Residuals are central to understanding how well a model captures the structure in the data. This chapter introduces **residual-dependence** and **residual-fit** plots, which help diagnose model inadequacies such as curvature or nonlinearity.

###  **Chapter 29: Exploring Spread in the Residuals**
This chapter focuses on **heteroscedasticity**—situations where the spread of residuals changes across the range of the independent variable. You’ll learn to use **spread-location** and **spread-dependence** plots to detect and address unequal spread.

###  **Chapter 30: Visualizing Variability Decomposition in Bivariate Models**

Here, we introduce the **variability decomposition (VD) plot**, which visually separates the variability explained by the model from the residual variability. This helps assess the **predictive power** of a model.

###  **Chapter 31: Bivariate Residual-Fit Spread Plot **

The **residual-fit spread (RFS) plot** offers a quantile-based comparison of fitted values and residuals. It complements the VD plot by providing a more detailed view of model performance.

### **Chapter 32: Parameterizing the Residuals**

This chapter explores how to **characterize residuals** using statistical distributions, particularly the **Normal distribution**. You’ll learn how to use **Q-Q plots** to assess normality and what to do when residuals deviate from Normality.

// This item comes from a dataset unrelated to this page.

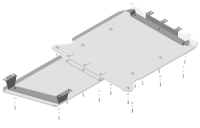 Защита алюминиевая Мотодор Jaguar F-Pace 2016-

### **Chapter 33: Refining Bivariate Models Through Re-expression**

When model assumptions are violated, **re-expressing** one or both variables can improve model fit and stabilize residual spread. This chapter walks through a real-world example of iterative model refinement using power transformations.

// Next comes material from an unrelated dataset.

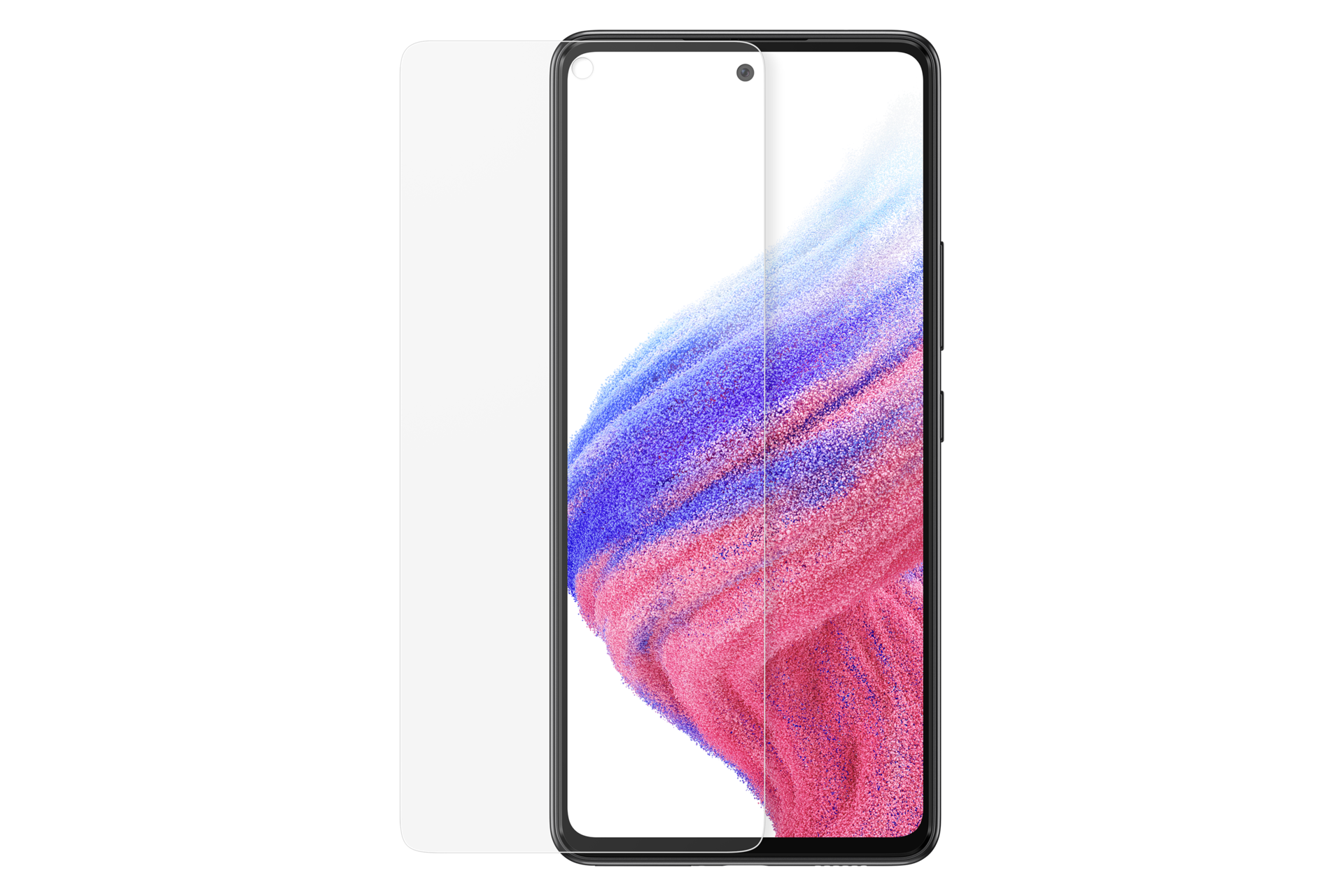 Protection d'écran en verre trempé (100% de surface couverte) pour Samsung  Galaxy A53 5G 2022, Noir, Samsung Galaxy A53 5G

### **Chapter 34: Robust Regression: Resistant Lines and Beyond**

Outliers can distort traditional regression models. This chapter introduces **robust regression techniques**, including **Tukey’s resistant line** and **bisquare regression**, which reduce the influence of extreme values.

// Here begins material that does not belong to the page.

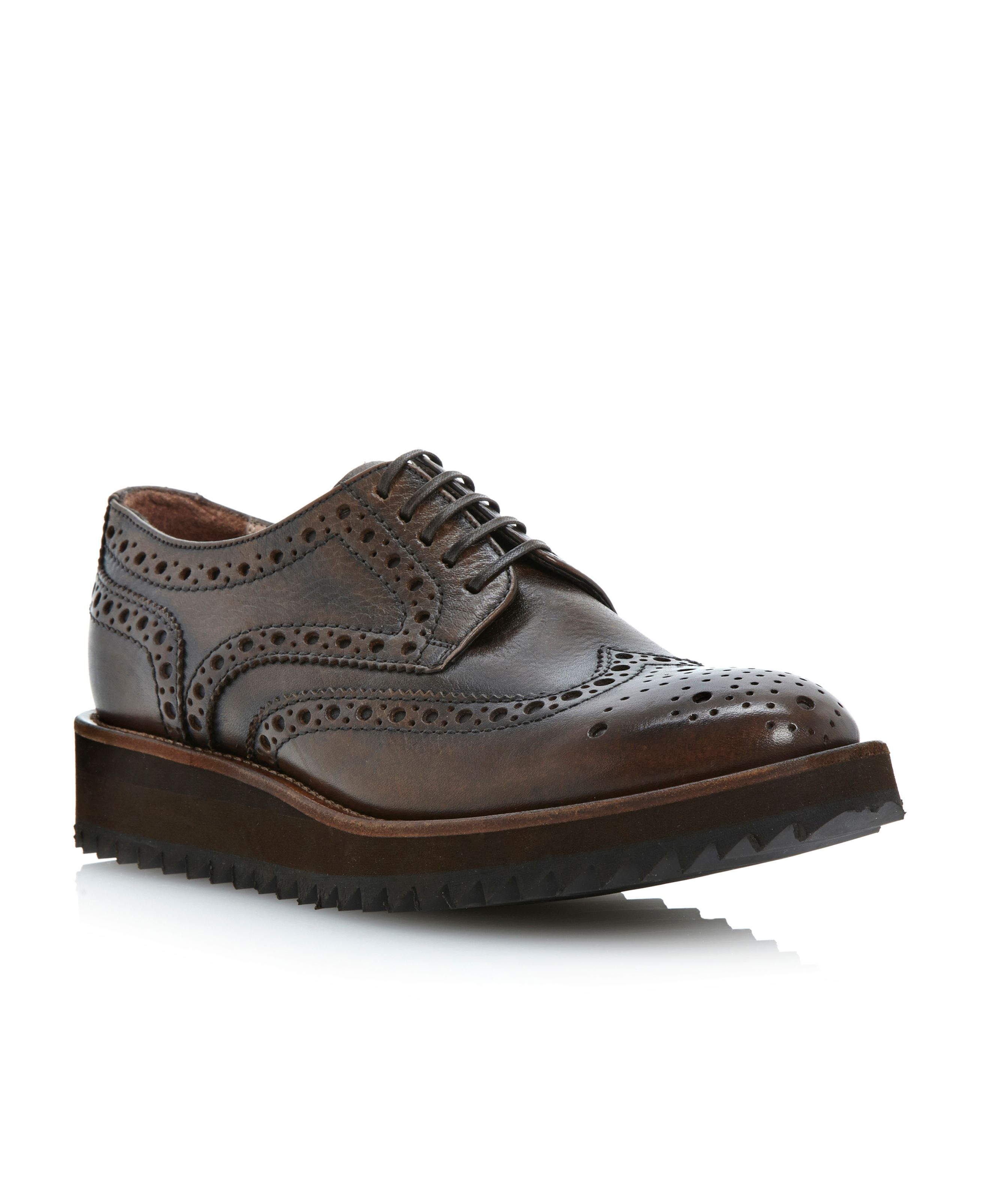 Dune black Huntingdoneva Sole Lace Up Brogue Shoes in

### **Chapter 35: Slicing Data: Exploring Discontinuities and Local Models**

Sometimes, a single global model is insufficient. This chapter introduces **data slicing** and **local modeling** to uncover **structural breaks** or **regime shifts** in the data.

### **Chapter 36: A Deeper Exploration of Residuals: Revealing Hidden Structure**

Residuals can reveal more than just model misfit—they can uncover **layered patterns** such as trends, seasonality, and anomalies. This chapter demonstrates how to iteratively model and analyze residuals to uncover hidden structure in real-world data.

-----

##  The Big Picture

Together, the chapters in this section form a coherent arc for understanding and modeling relationships between two continuous variables:

+ **Visualize** the relationship between variables using scatter plots and fitted curves.
+ **Model** the association using parametric (e.g., polynomial) and non-parametric (e.g., loess) techniques.
+ **Diagnose** model fit using residual plots to uncover curvature, nonlinearity, and heteroscedasticity.
+ **Quantify** explained versus unexplained variation using variability decomposition and residual-fit spread plots.
+ **Re-express** variables to stabilize spread, improve fit, and meet model assumptions.
+ **Refine models** using robust regression techniques to mitigate the influence of outliers.
+ **Explore** local structure and discontinuities by slicing data and fitting segmented models.
+ **Iterate** through layers of residual analysis to reveal hidden structure and deepen understanding.

This sequence equips you with a flexible and visual toolkit for uncovering patterns, refining models, and interpreting complex relationships in bivariate data.